Suriye’ye gönderilecek Devrim Muhafızları komandolarının İran Kürdistanı dağlarında eğitimlerini tamamlayarak bir hafta önce Kirmanşah Şehitleri Kampı’na ve Hatemu’l Enbiya Üssü’ne döndükleri, Süleymani’ye yakın subaylardan General Behmen Reyhani komutasında Suriye’ye girecekleri ifade ediliyor.

Haberde ayrıca, Iraklı milislerin de İdlib ve Kalemun’da devrimcilere karşı verilecek savaşlara katılacakları, Asaibu Ehli’l Hak isimli milis grubunun liderlerinin geçtiğimiz günlerde Tahran’da İranlı yetkililerle bir araya gelerek “Haydaratu’l Kerrar Tugayları”nı İdlib’e gönderme konusunu ele aldıkları bildiriliyor.

Bütün bunların anlamı şu:

“ Tahran, Beşşar El Esed’in kendisinden ve ailesinden vazgeçse bile Suriye’deki Baas rejiminden ne pahasına olursa olsun vazgeçmeyek.”

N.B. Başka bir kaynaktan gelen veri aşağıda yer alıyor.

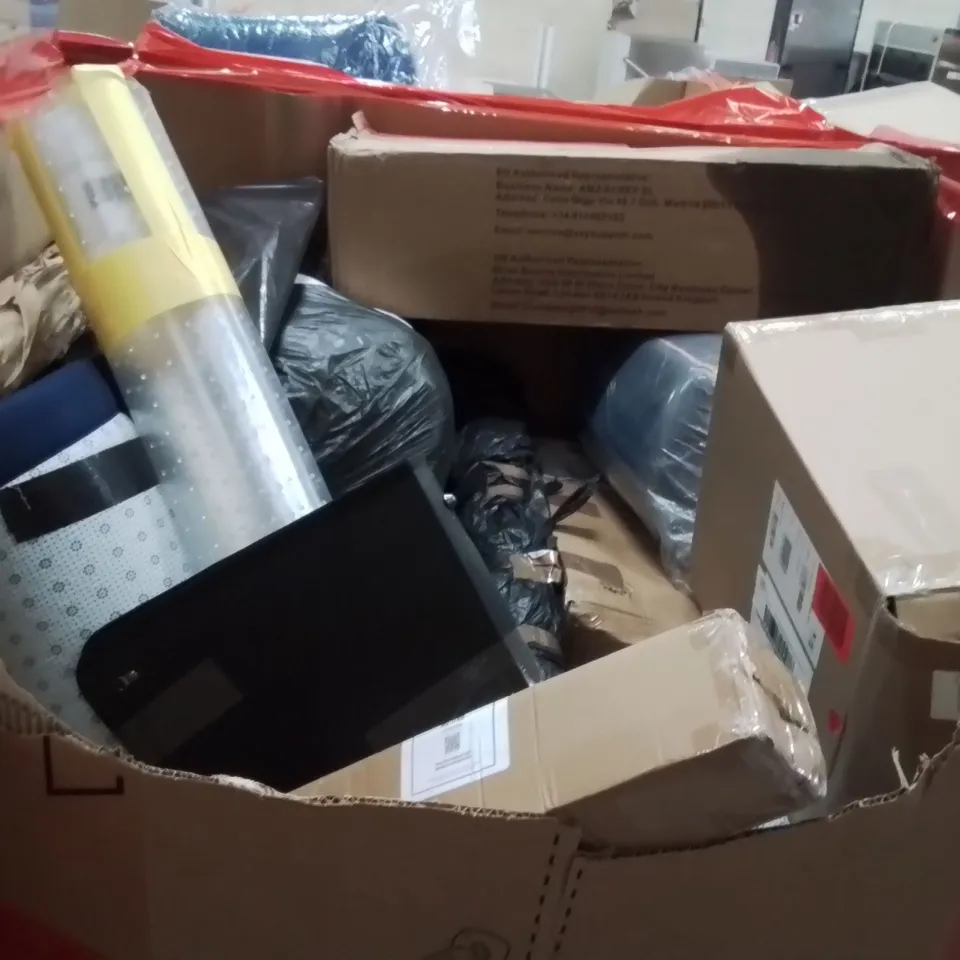 PALLET OF ASSORTED HOUSEHOLD GOODS AND PRODUCTS TO INCLUDE;BAR CLAMPS,MAT,DESK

Hizbullah lideri Hasan Nasrallah’ın Lübnan El Ahbar gazetesince aktarılan sözleri de Suriye’de savaşın artık Beşşar El Esed ve Baas rejiminin değil tamamen İran’ın savaşı olduğuna işaret ediyor.

El Ahbar’ın yazdığına göre Lübnanlı Hıristiyan liderlerden General Mişel Aun ile görüşen Nasrallah, Beşşar El Esed ve rejiminin devrilmeyeceğini iddia ederek, “Onun devrilmesi Hizbullah’ın ve direniş ekseninin devrilmesi demektir” tespitinde bulunmuş.

Savaşın rejim güçleri ve muhalifler arasında gidip geldiğini öne süren Nasrallah, kayıp ve kazançlar olabileceğini fakat rejimin kesinlikle devrilmeyeceğini söylemiş.

Nasrallah’ın söyledikleri ve iddiası bir yana, bu madalyonun bir de diğer yüzü var.

Orada da İran ve müttefiklerinin Suriye’ye ne kadar asker ve subay gönderirlerse kayıplarının o kadar çok olacağı görülüyor.

Çünkü gidenler ancak tabut içinde geri dönebiliyor.